Captioned web images
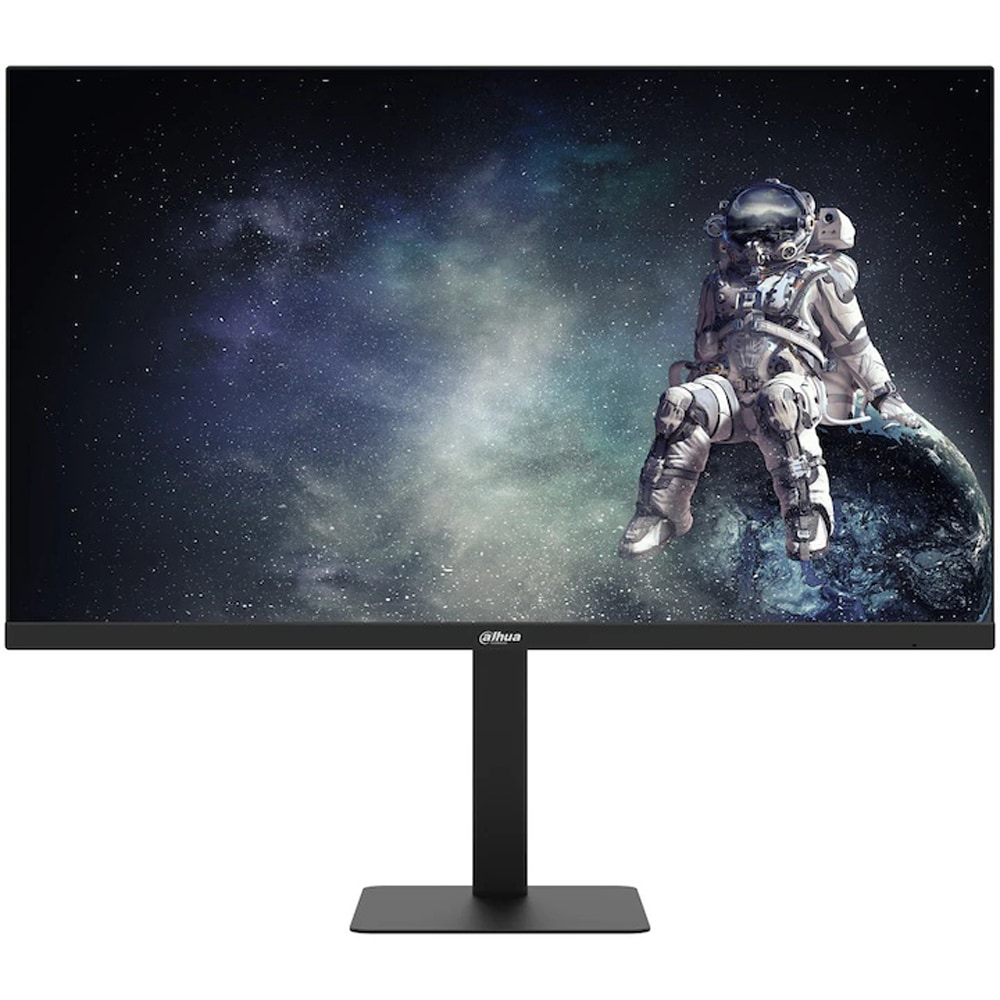 Monitor Gaming LED VA Dahua LM27-E240A, 27", Full HD, 300Hz, Adaptive Sync, negru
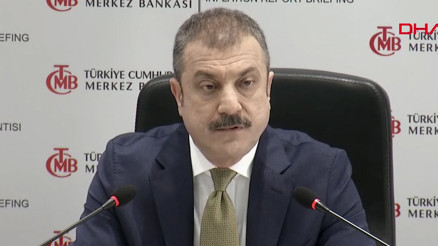 Son dakika... Kavcıoğlu: Türkiye ilk defa üst üste cari fazla vermiştir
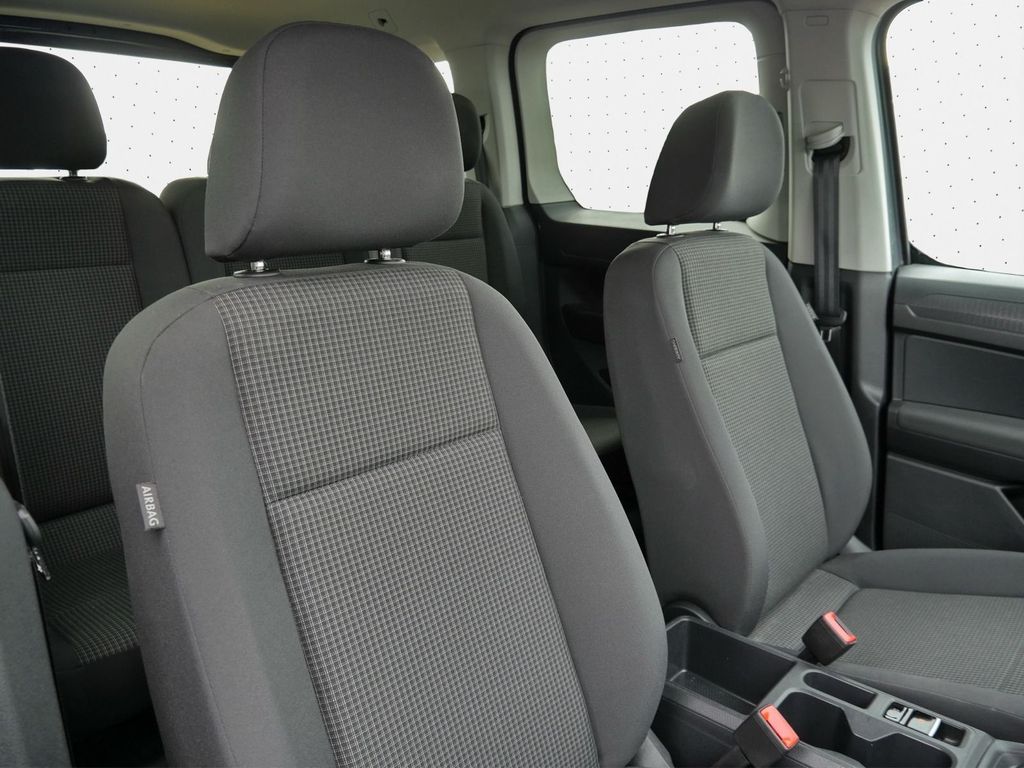 Volkswagen Caddy 2024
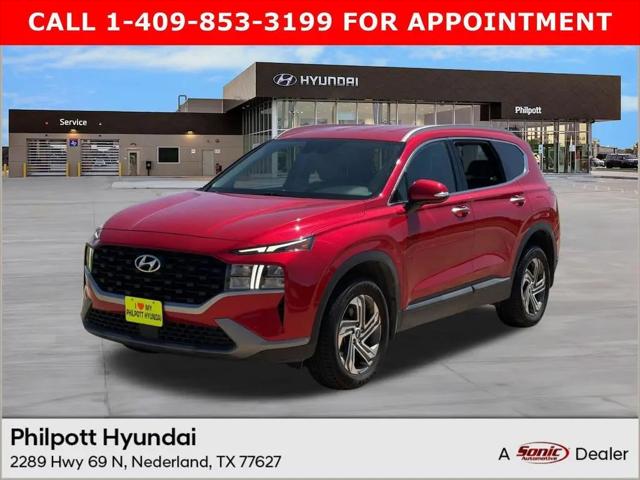 2023 Hyundai Santa Fe SEL for sale in Neederland, TX
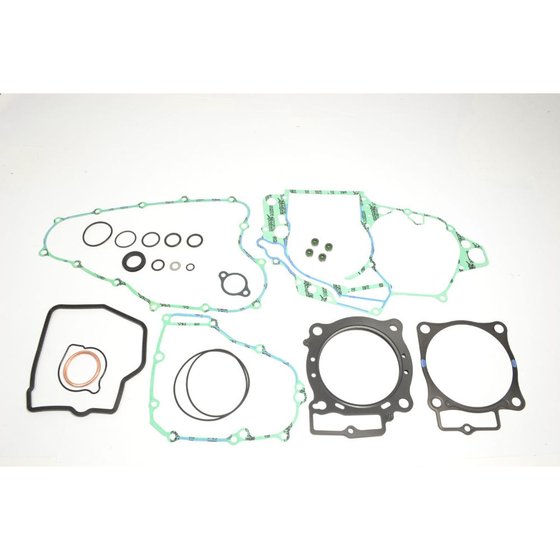 CRF 450 R (2011 - 2016) combo kit: connecting rod kit with engine gasket kit | ATHENA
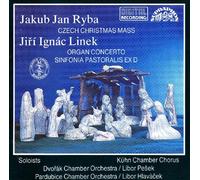 Czech christmas mass / Concerto pour orgue
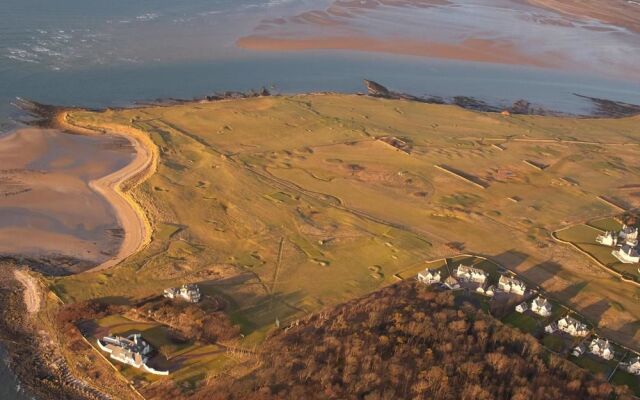 The Lodge at Craigielaw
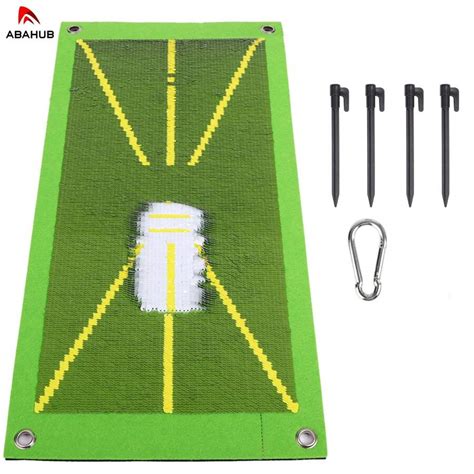 Golf Practice Mat 的图像结果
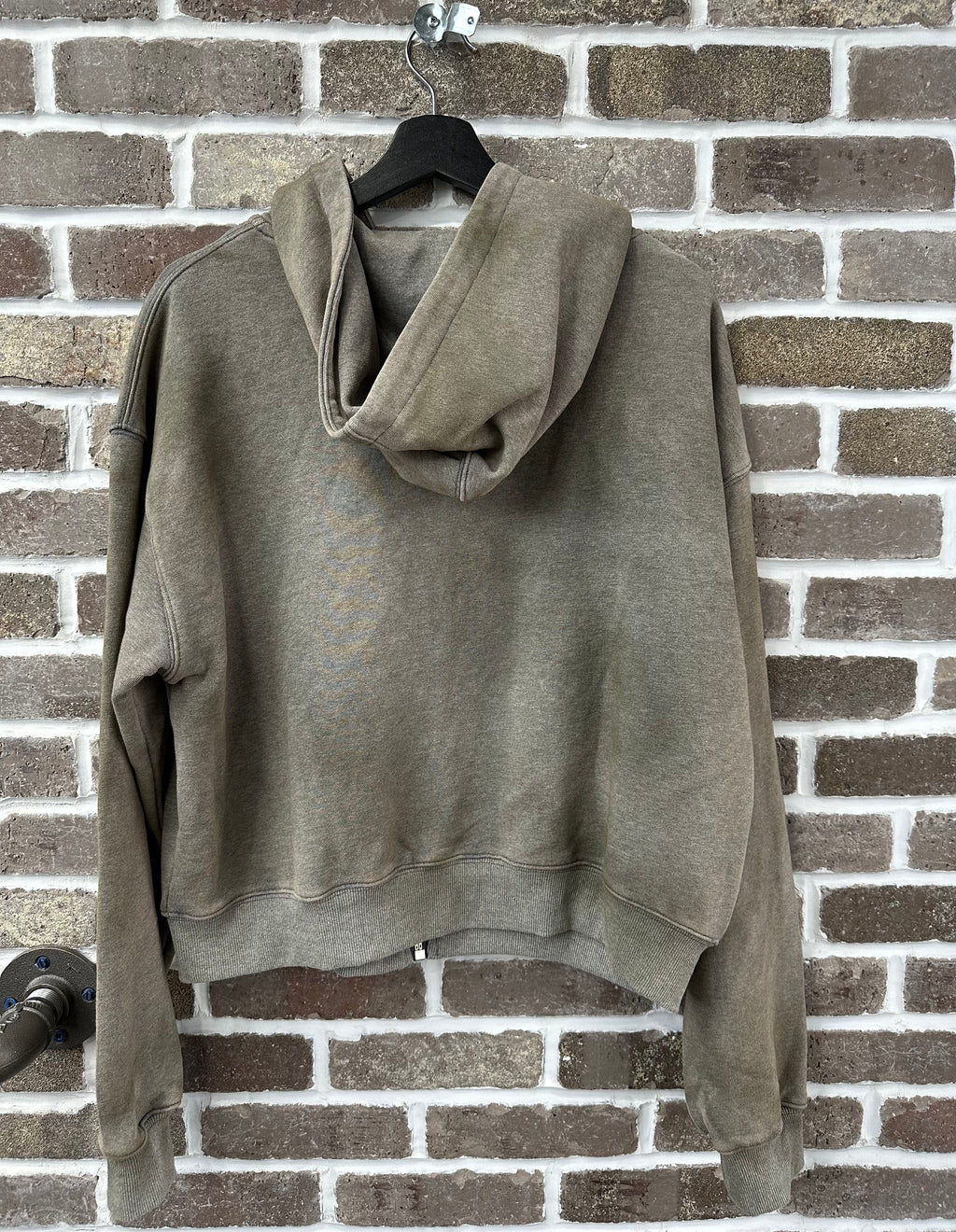 Vale Forever Dirty Friday Zip Up Hoodie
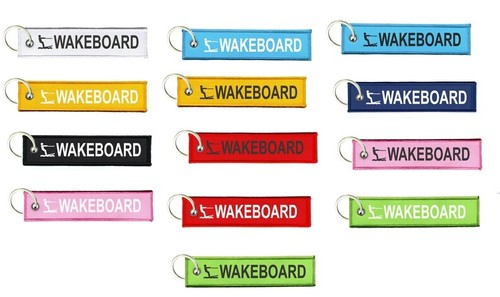 Porte cles clefs - , waveboard
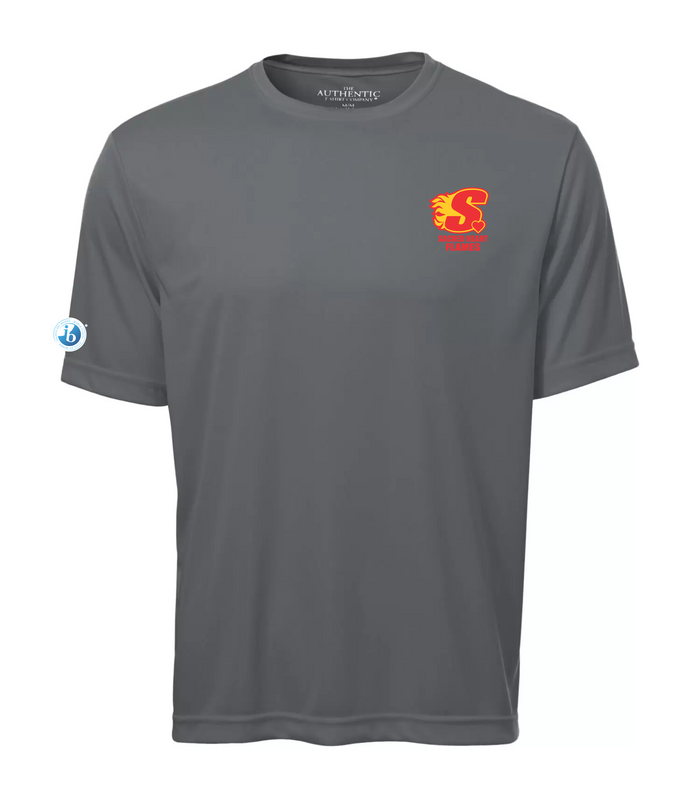 Sacred Heart Adult Performance Wicking T-Shirt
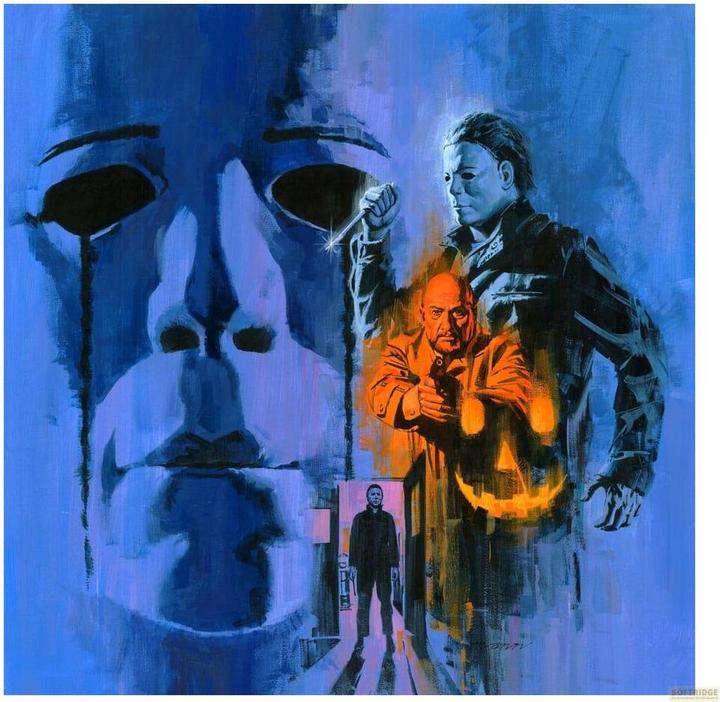 Produktbild Halloween II Original Motion Picture Soundtrack by Alan Howarth & John Carpenter Vinyl LP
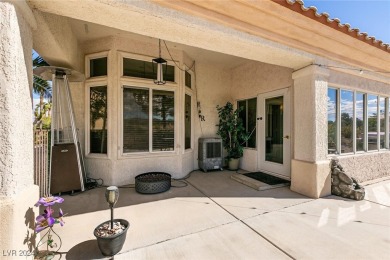 RARE GOLF COURSE FRONTAGE HOME WITH ENCLOSED SUNROOM! PERFECT on Palm Valley Golf Course in Nevada - for sale on GolfHomes.com, golf home, golf lot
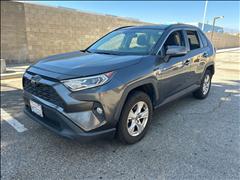2020 Toyota RAV4 Hybrid 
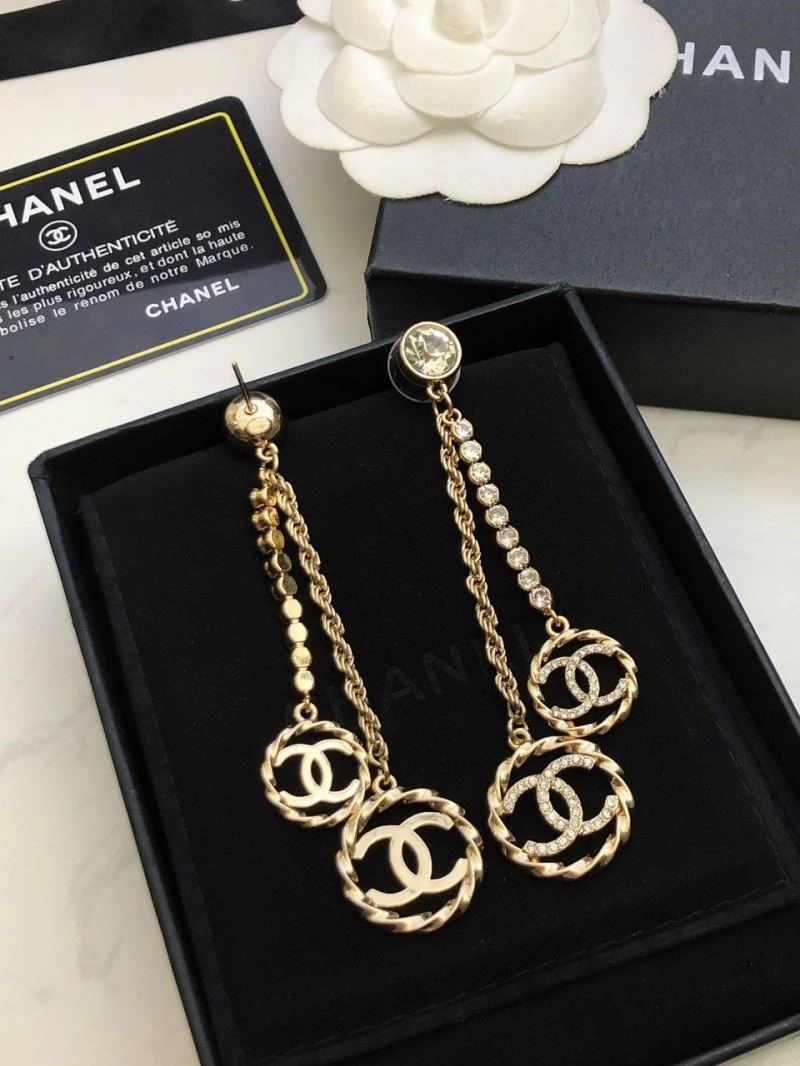 DailyWear Chanel Earrings 224817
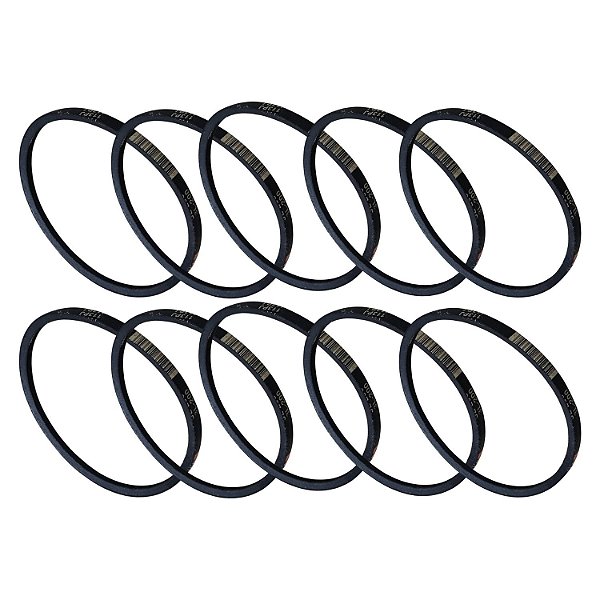 10 Correia Para Cortador Fatiador Frios Filizola 103jr 3l200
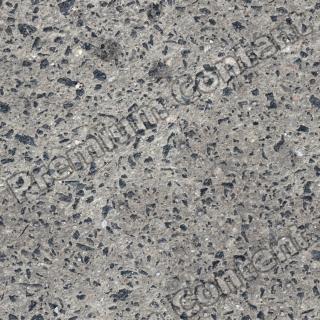 High Resolution Seamless Ground Concrete Texture 0015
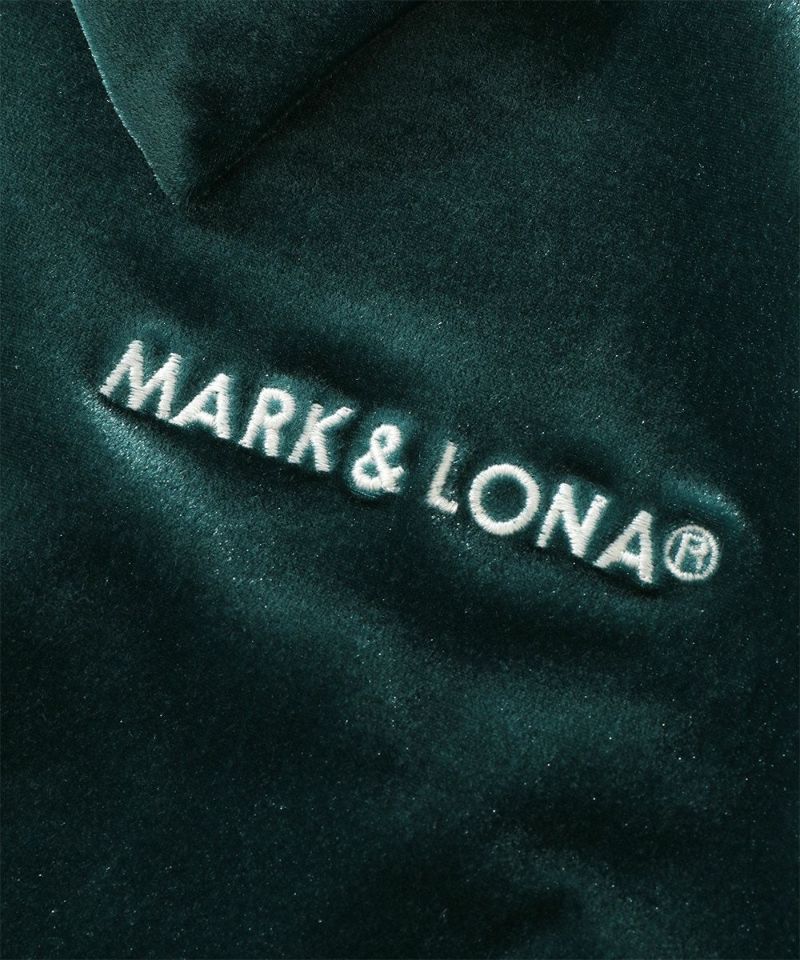 Above Velvet Jersey Top | MEN | MARK & LONA MARKET STORE 公式ストア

** DIRECTIONS **
Your answer must be an exact copy of the records, minus any pictures.

** RESULT FOR THIS TASK **
 Monitor Gaming LED VA Dahua LM27-E240A, 27", Full HD, 300Hz, Adaptive Sync, negru
 Son dakika... Kavcıoğlu: Türkiye ilk defa üst üste cari fazla vermiştir
 Volkswagen Caddy 2024
 2023 Hyundai Santa Fe SEL for sale in Neederland, TX
 CRF 450 R (2011 - 2016) combo kit: connecting rod kit with engine gasket kit | ATHENA
 Czech christmas mass / Concerto pour orgue
 The Lodge at Craigielaw
 Golf Practice Mat 的图像结果
 Vale Forever Dirty Friday Zip Up Hoodie
 Porte cles clefs - , waveboard
 Sacred Heart Adult Performance Wicking T-Shirt
 Produktbild Halloween II Original Motion Picture Soundtrack by Alan Howarth & John Carpenter Vinyl LP
 RARE GOLF COURSE FRONTAGE HOME WITH ENCLOSED SUNROOM! PERFECT on Palm Valley Golf Course in Nevada - for sale on GolfHomes.com, golf home, golf lot
2020 Toyota RAV4 Hybrid 
 DailyWear Chanel Earrings 224817
 10 Correia Para Cortador Fatiador Frios Filizola 103jr 3l200
 High Resolution Seamless Ground Concrete Texture 0015
 Above Velvet Jersey Top | MEN | MARK & LONA MARKET STORE 公式ストア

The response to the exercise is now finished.